On the other hand, the compressed image with two PCs, the first of these being the one that was replaced by periodicity, is shown in Fig. 8B. This image has a PSNR value of 38.2492 and its compression rate is 98.2%. Furthermore, the compressed image with two periodic PCs is shown in Fig. 8C. The PSNR of this image is 33.7260 and the compression rate is 99.6%.
The compressed image in .jpg format with a periodic PC has a size of 19677 bytes, which is 43.7% of the size of the original image. The image compressed with two PCs, the first PC being periodic, has a size of 21240 bytes, being 47.1% of the original image size. And, for compression with two periodic PCs, the size of this image is 20642 bytes, which is 45.8% of the original image size.

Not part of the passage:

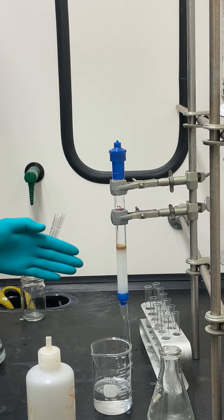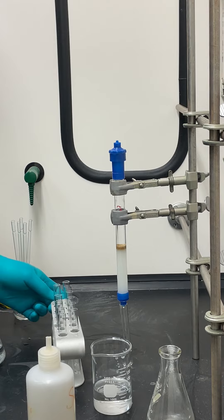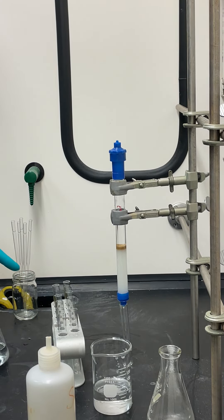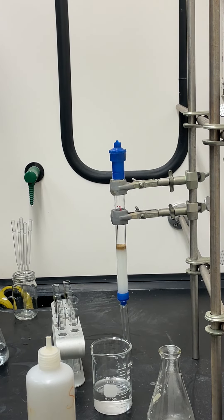Once you've collected all your fractions, you need to determine which ones have the product. Go back to TLC — take all these test tubes, draw a line on a TLC plate, put six little ticks on it, and TLC every other test tube to get a proxy idea of where your product is. These test tube racks hold 12 test tubes. If you see product in test tubes two and four but not in six, your second TLC would be tubes one, two, three, four, and five to narrow it down precisely.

After explaining the principal component and periodic principal component methods applied to the medical image that represents a maculopapular pattern, Table presents a summary of the characteristics of the compressions performed.
Compression | Explained cumulative variability | PSNR | Compression rate (%) | Image size reduction (%) |
---|---|---|---|---|
One PC | 99.1 | 34.2335 | 98.4 | 49.9 |
Two PCs | 99.6 | 38.2797 | 96.8 | 46.1 |
One Periodic PC | - | 24.0421 | 99.8 | 56.3 |
Two PCs, with the first periodic | - | 38.2492 | 98.2 | 52.9 |
Two PCs, with both periodic | - | 33.7260 | 99.6 | 54.2 |
From the point of view of dermatology, the doctors that were consulted expressed that in all the photos one of the most frequent patterns in COVID-19, the maculopapular or morbilliform pattern, can be observed with very good sharpness and clarity. This pattern is clinically manifest in the patient shown in Fig. 2 and is characterized by a widespread erythmatopapular rash on the lower back. This rash extends to the right buttock in almost its entirety. In addition, in the medical images shown, both in the original and in the reconstructed ones, erythematous papules can be seen, some of the normal color of the skin, small, a few millimeters long, some of them raised and others not. Also, it is observed that these papules converge, leaving areas of healthy skin inside. All this allows to reach the diagnosis of the pathology without any difficulty, both in the original photo and in those that are compressed. As discussed in this section, the lowest quality image is the compression with one periodic principal component, but even this image conveys relevant information.
Conclusions
This paper has presented a compression method for medical images that represent dermatological manifestations in paucisymptomatic patients with COVID-19. Specifically, a representative image of the maculopapular pattern was chosen, and different types of compression were performed on it, guaranteeing the validity of the compressed images to diagnose the disease. The presented method is based on principal component analysis and on the quasi-periodicity of the first principal components, in the case of medical images of patients. Good compression ratios were achieved here, while maintaining quality and relevant features. At this time of pandemic, this is of the utmost importance in the field of medicine and even more so in the specialty of dermatology, because in this, images are a fundamental pillar in the diagnosis of diseases. Therefore, being able to work with lower-weight images without losing the characteristics of the original image allows a correct diagnosis to be made and many diseases to be classified without fear of making mistakes.
Finally, it can be concluded that, with the method presented in this paper, the authors propose the use of a robust medical-image compression technique that could be very useful in the field of dermatology.